Soon after I left, the military overthrew the constitutional government and started a reign of terror that would last several years. An estimated 10,000 to 20,000 people were made ‘to disappear,’ an unfortunate euphemism for their assassination. All our friends in Argentina advised us not to return, given the difficult political landscape in my country. That is why we made the decision to stay in the United States.
Because of problems with my visa — I was able to go out but not to return to the U.S. — and also because I wrote an indicting article against the military regime, I was unable to return to my country for 12 years, despite our enormous desire to do so.
When I returned for the first time, I found a country now under a democracy but suffering the post-traumatic stress disorder of the military dictatorship. I still remember the first day I returned to Argentina telling my relatives, almost in desperation, “But this not my country!” They looked puzzled and didn’t know what to tell me…
I stayed at the Buenos Aires apartment of a relative by marriage, Professor Felix Eduardo Herrera, who had died in 2007. Since that time, the apartment had been empty. He was a noted mathematician and university professor in Tucumán, a city in the north. He and his wife Leonor raised three children: two boys, Abel and Claudio, and a girl, Leonor Inés. I first met the Herreras in Tucumán in the 1960s when my wife, their niece, studied at the university where Professor Herrera taught.
At the time I met them, their house was a place of lively intellectual gatherings, frequently visited by out-of-town scientists and researchers. Their house, designed by a well-known Italian architect, was a beautiful setting for those gatherings. The Herrera children inherited their father's intellectual drive and their mother's concern for the poor and dispossessed. Those characteristics would prove to be their downfall.
Watching the tremendous damage the military was doing to democracy and to the rule of law in the country, the children became part of the armed opposition to the military rule. The brutal dictatorship of Argentina's military during the 1970s left a country in disarray — and Herrera's family decimated. In the end, their two sons died under torture in 1975. One of their wives, Georgina, and the Herrera daughter, Leonor Inés, and her husband, Juan Mangini, a guerrilla leader opposing military rule, were among the ‘disappeared’.
Two sons of Abel, Esteban and Raúl Oscar, and the daughter of Leonor Inés, Florencia, were the only survivors. Professor Herrera and his wife Leonor became devoted to their grandchildren, particularly to Florencia, who eventually came to live with them while the boys went to live with their maternal grandparents.
After their children's abduction and assassination between 1975 and 1976, the Herreras lives turned into a nightmare. Afraid of reprisals from the military, they went to live in a Buenos Aires apartment, quite unlike their beautiful house in Tucumán. They felt that the anonymity of the big city would protect them better. In the big capital city, they had very few friends.

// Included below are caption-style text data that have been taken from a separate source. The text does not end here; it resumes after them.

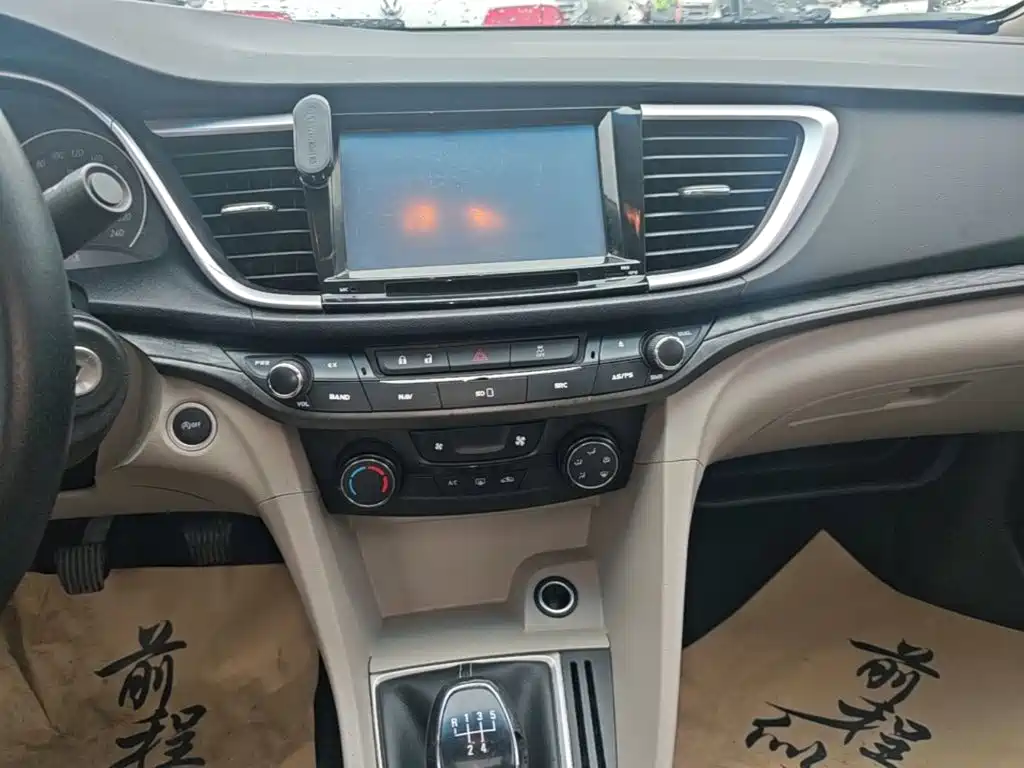 Buick Excelle — миниатюра 13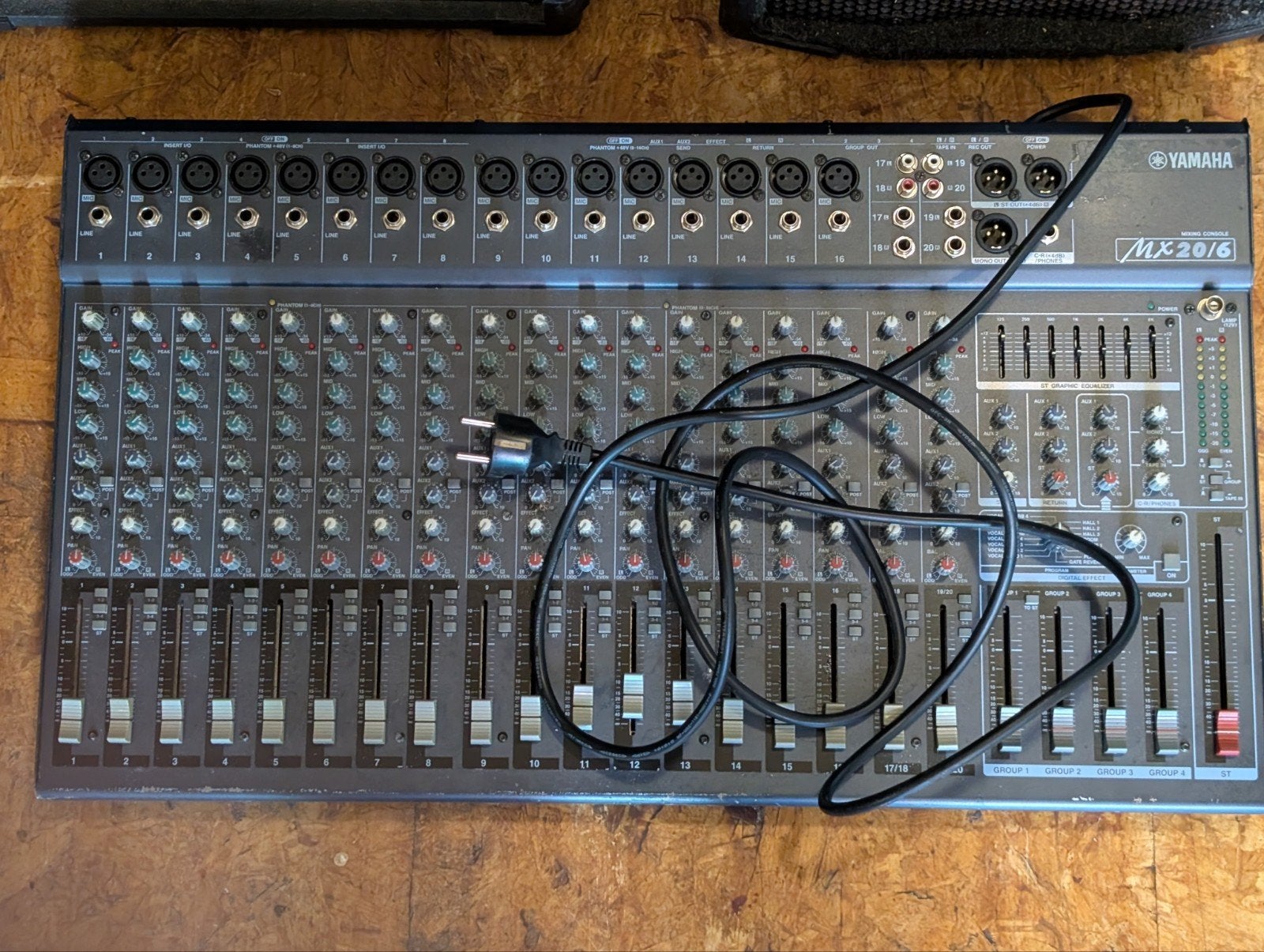 Yamaha MX20/6 16-kanaals mengtafel, Ophalen, Gebruikt, 10 tot 20 kanalen, Microfooningang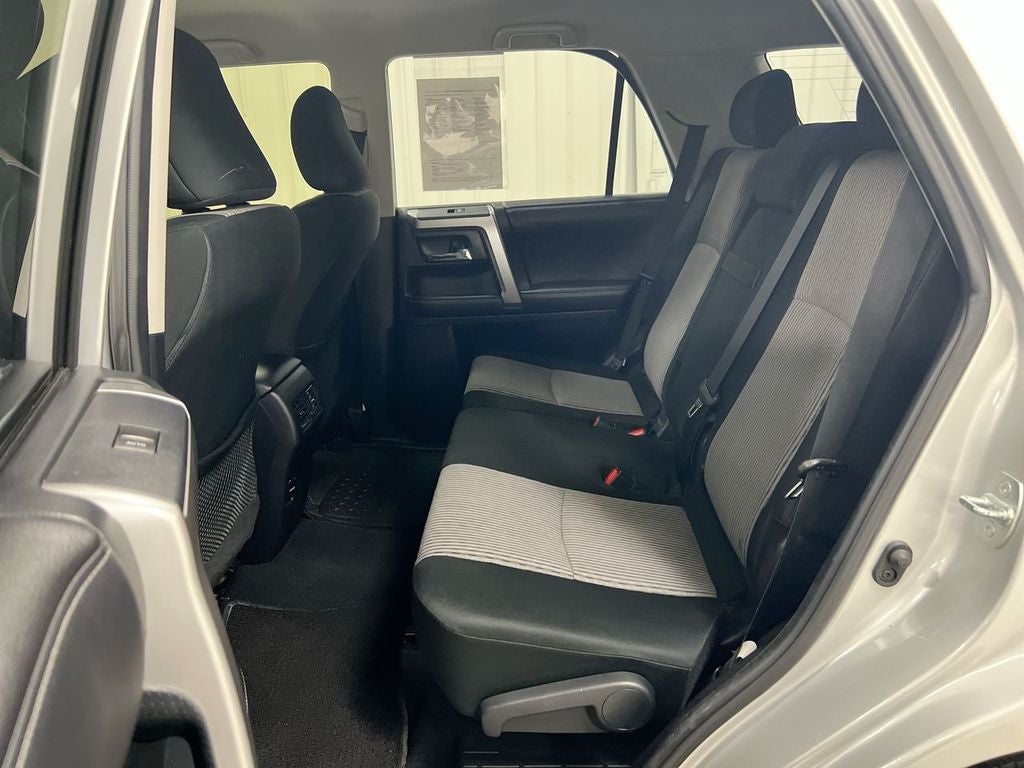 2017 Toyota 4Runner SR5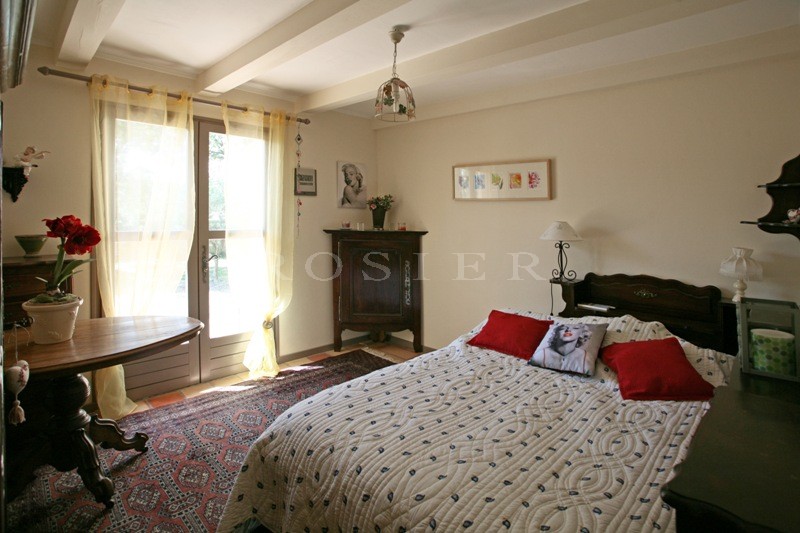 On the outskirts of a Luberon village, ROSIER agency is offering this recent house with pool
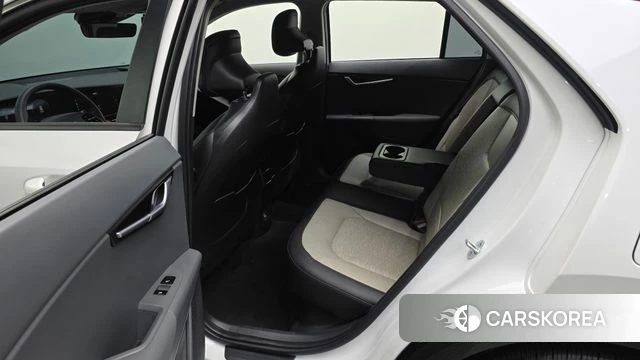 Kia Di Ol Nu Niro 2022 Белый из Кореи, фото 3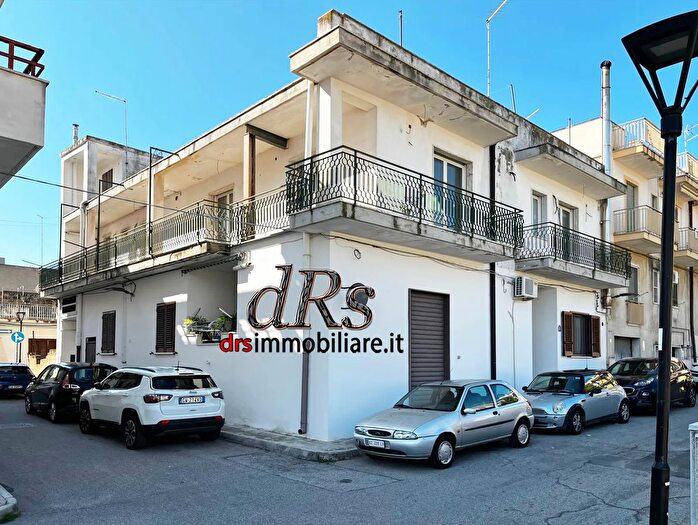 Appartamento con 5 locali in vendita in Via Francesco Torraca, Bernalda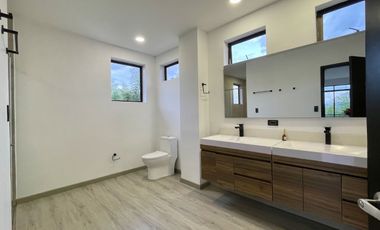 Majestuosa casa campestre en Malabar con 5 Alcobas, piscina y 4442 m2 de terreno. Cerritos. Pereira - Colombia.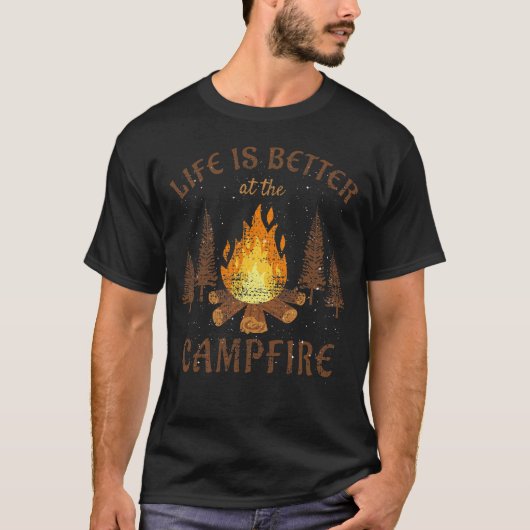 Camping - het leven is beter door de kampvuur t-shirt (Voorkant)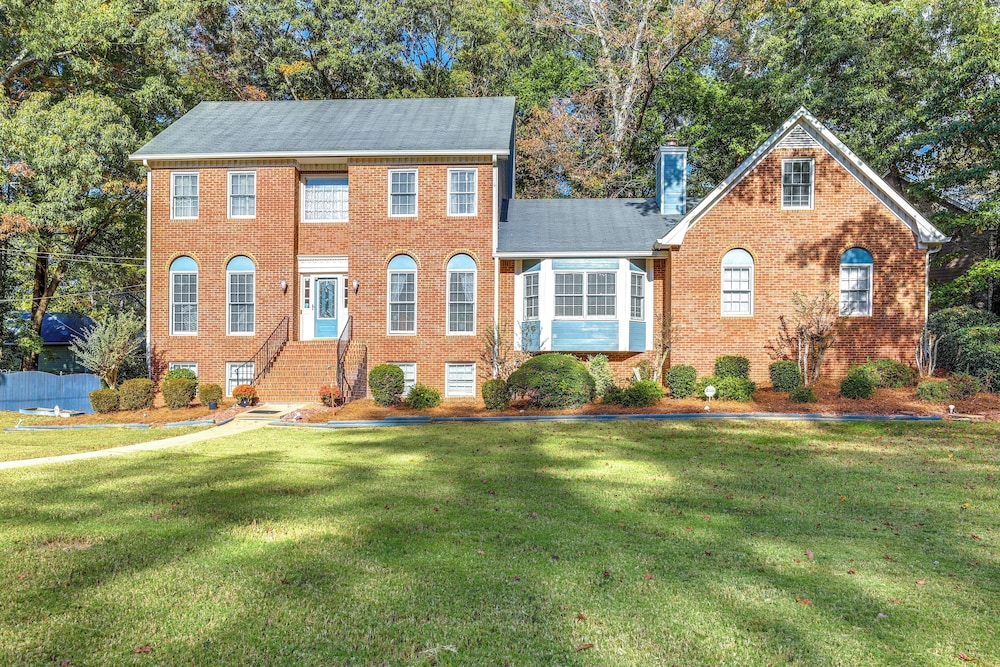 ~ 30 Mi to Atlanta - The Wellness Manor w/ Deck!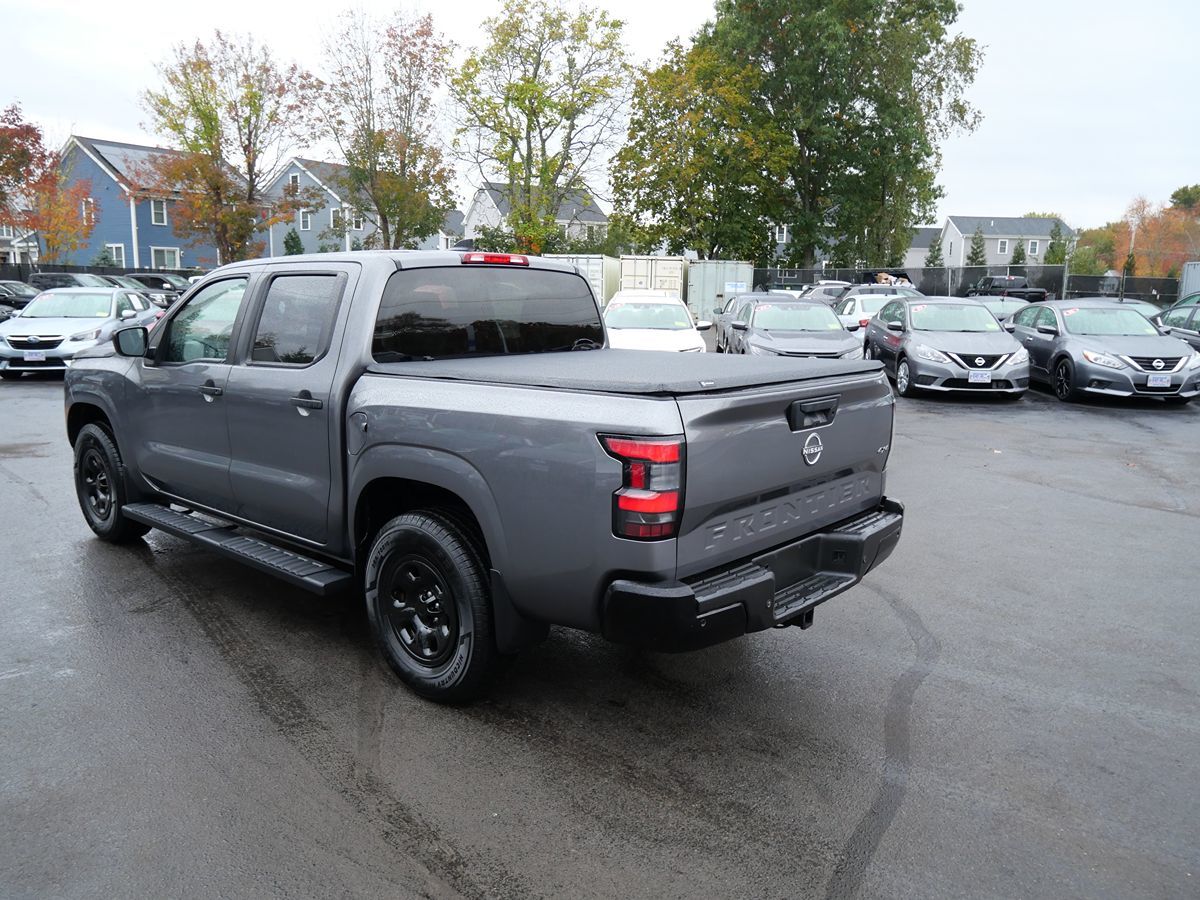 Photo 4 of this Nissan Frontier
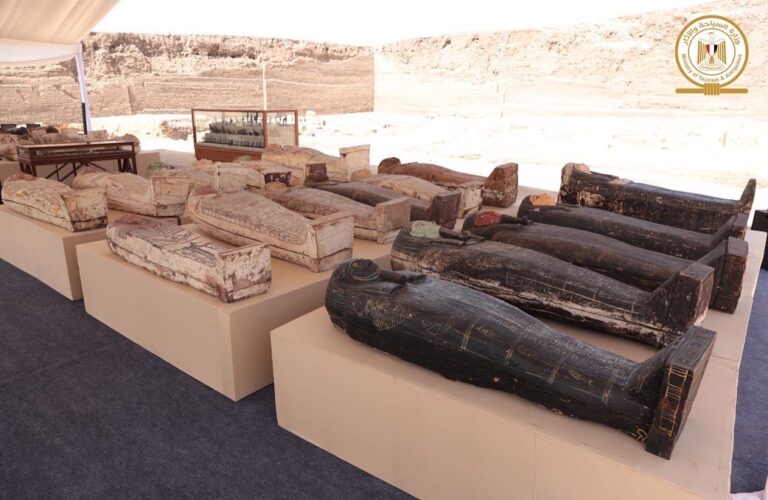 Descubren cientos de sarcófagos con momias y estatuas de bronce bien conservadas en Egipto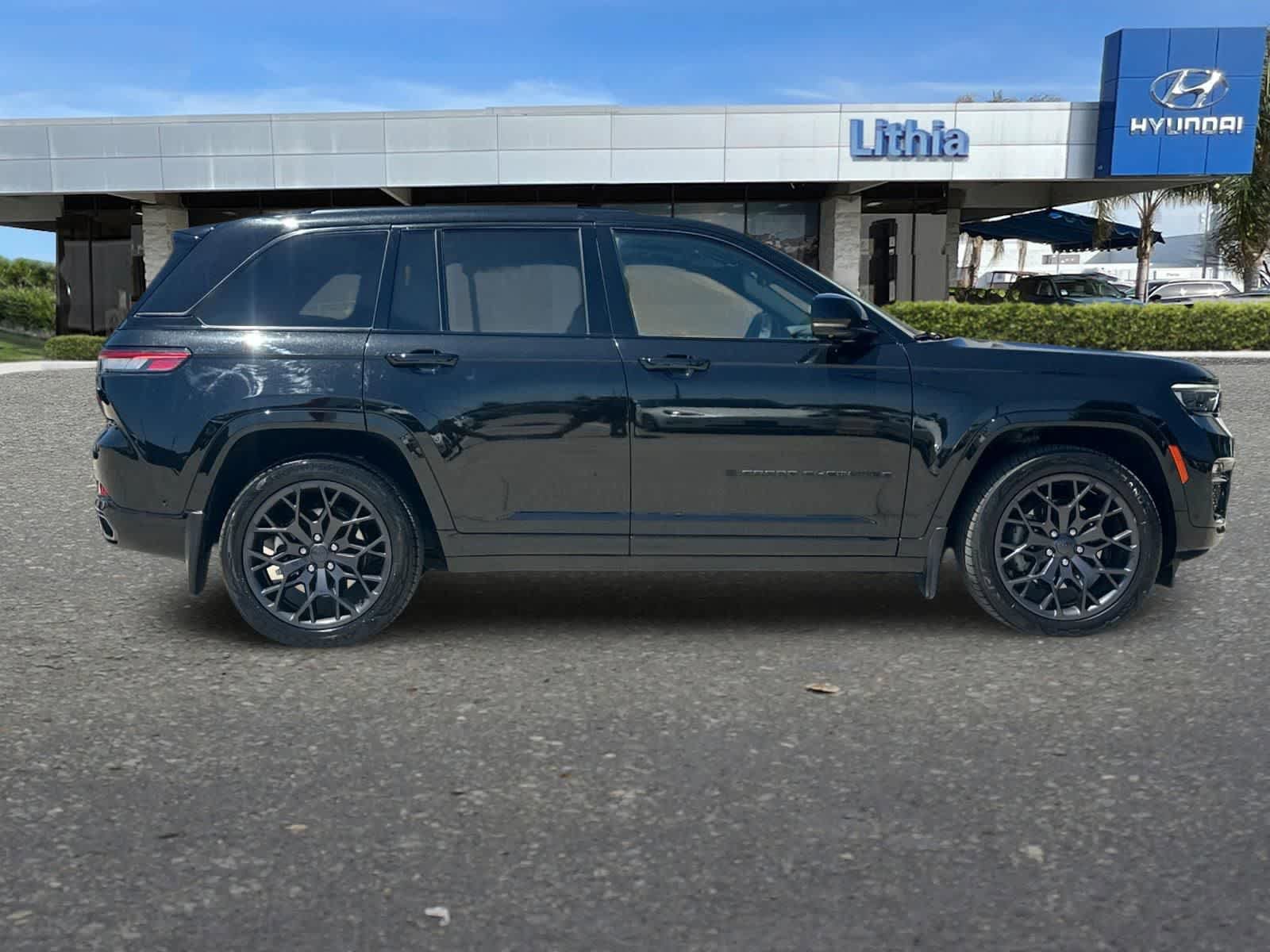 Used 2023 Jeep Grand Cherokee Summit AWD/4WD image 9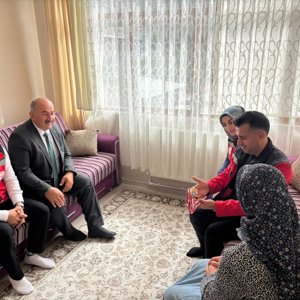  İspir’de SED Hizmetinden Yararlanan Ailelerimizin Başarılı Çocuklarıyla Buluştuk. - fotoğraf 1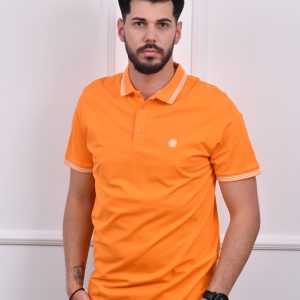 Narandžasta muška polo majica sa belim prugama na kragni i rukavima, moderni dizajn sa malim logom na prednjem delu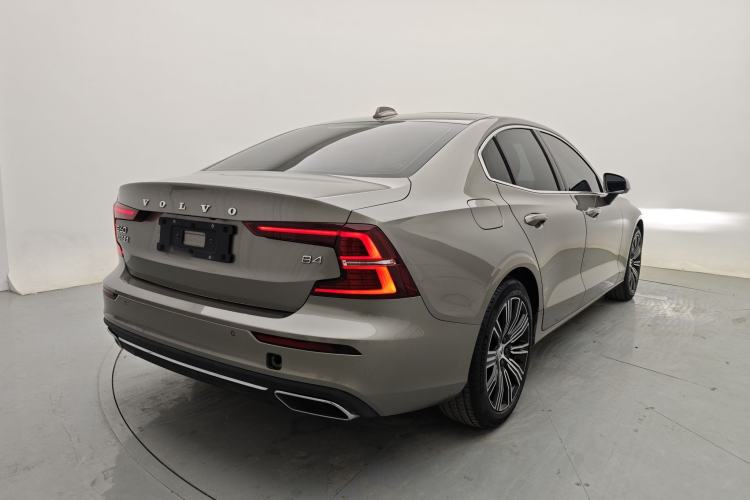 Used Volvo S60 2022 B4 Zhiyuan Luxury Edition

Leonor's health rapidly deteriorated; she became withdrawn and had frequent memory lapses. I believe that she preferred to close herself to the world, her pain too much to be endured.
In their now empty apartment, I look at the old books that line the apartment, broken pieces of furniture, dust-covered paintings, old newspapers scattered around, and a feeling of nostalgia and sadness invades me.
Little Florencia, then 4 years old, initially disappeared with her parents. She had been hiding with her mother, Leonor Inés, in a rural area in Buenos Aires province when their house was surrounded by the military. They managed to escape but were later found by the military. The soldiers kept Leonor Inés but sent Florencia to an orphanage run by nuns. A few weeks after her parent’s abduction, Florencia’s grandparents received the news that their granddaughter was alive somewhere in Buenos Aires province. An extensive and painful search brought the Herreras to an orphanage in La Plata, capital of Buenos Aires province, over 1,200 miles away from Tucumán. When the Herreras arrived at the orphanage, Florencia ran to them and embraced them, crying Grandma! Grandpa!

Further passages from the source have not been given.